A prominent citizen of the village, Mr. Summers owns the coal company, one of the main businesses of the area. Since he is married to "a scold" and has no children, Mr. Summers is probably not socially active in the community. Thus, as a businessman who represents cold capitalism and is alienated from the social life by both his economic status and personal situation, Mr. Summers easily can be distant and officious in performing his civic duty.
Dispassionate and businesslike, Mr. Summers concerns himself with the immediate by following procedures. For example, he has suggested that a new black box should replace the old, worn one. He has been successful, however, in replacing the wood chips for slips of paper. He compiles lists of families, heads of families and the members in each family. In short, Mr. Summers
was very good at all this; in his clean white shirt and blue jeans, with one hand resting carelessly on the black box, he seemed very proper and important as he talked interminably to Mr. Graves and the Martins.
Yet, by the fact that he talks incessantly, there is a hint that Mr.
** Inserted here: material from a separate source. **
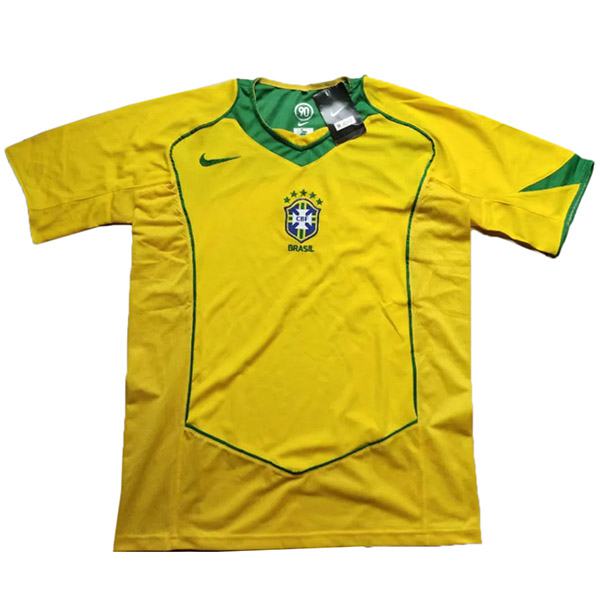 Brazil home retro soccer jersey maillot match men's 1st sportwear football shirt 2004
Summers may be somewhat ill at ease about his duties. Nevertheless, he conducts business: "...guess we better get started, get this over with, so's we can go back to work. Anybody ain't here?" He waits with "polite interest" when Mrs. Dunbar says that her husband is missing, and makes a note on his list.
When Tessie Hutchinson's name is drawn, Mr. Summers's voice is hushed and he says, "Let's finish quickly." This man without imagination, education, or courage knows only the perfunctory proceedings of business in which he has enveloped himself, so he desires an end to the proceedings to which he has been assigned.